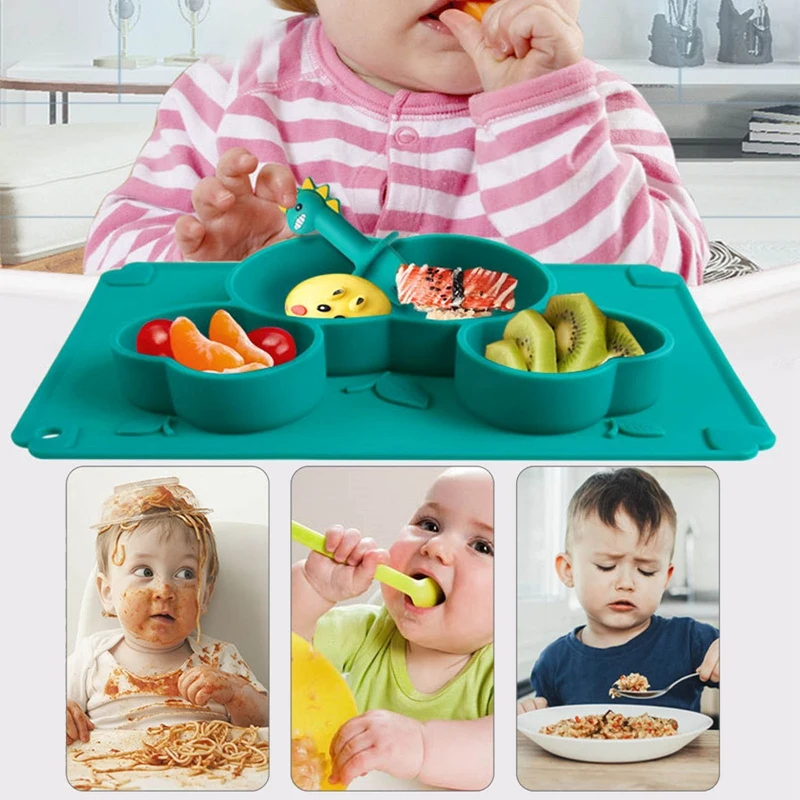 

Baby Dinner Plate Food Grade Silicone Tableware Anti-Drop Cartoon Food Supplement Plate Non-Slip Feeding Bowl Spoon Fork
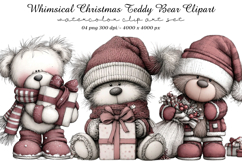 Whimsical Christmas Teddy Bear Clipart Product Image 1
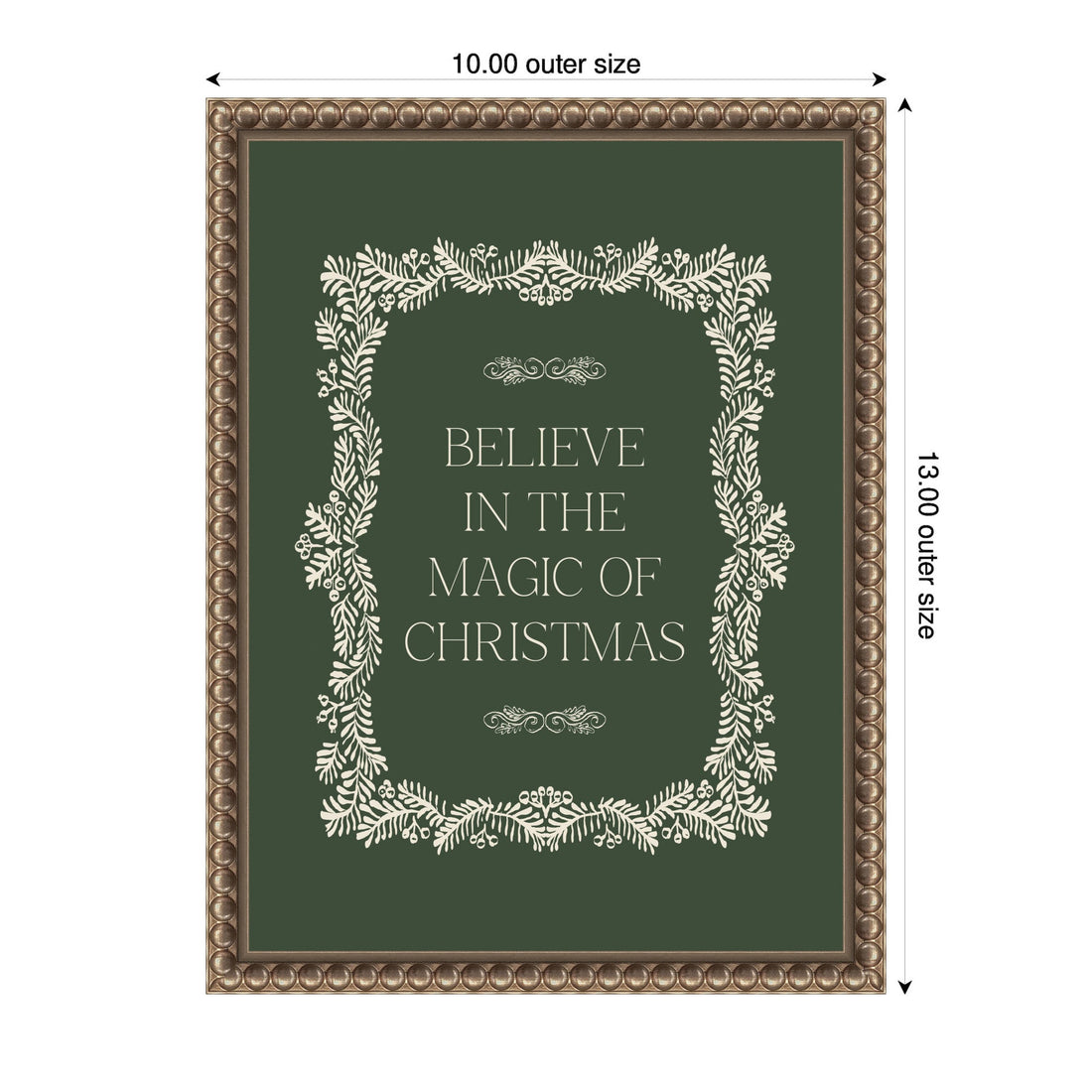 Christmas Magic Green by Kikiandnim Framed Canvas Wall Art Print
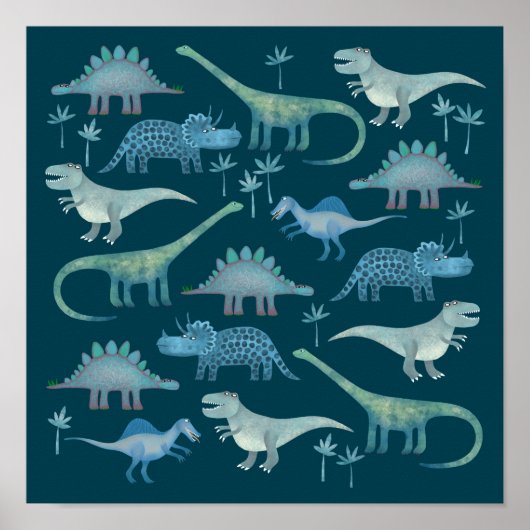 Poster Dinosaures Vert foncé (Devant)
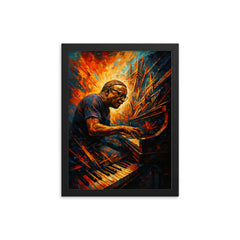 Cecil Taylor explosive piano architecture framed print on a plain backdrop in size 12"x16".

◇ ◇ ◇

Return exactly, with no pictures, each line from the one that contains "Whimsical Christmas Teddy" through the end of the entries above, both ends included.

 Whimsical Christmas Teddy Bear Clipart Product Image 1
 Christmas Magic Green by Kikiandnim Framed Canvas Wall Art Print
 Poster Dinosaures Vert foncé (Devant)
 Cecil Taylor explosive piano architecture framed print on a plain backdrop in size 12"x16".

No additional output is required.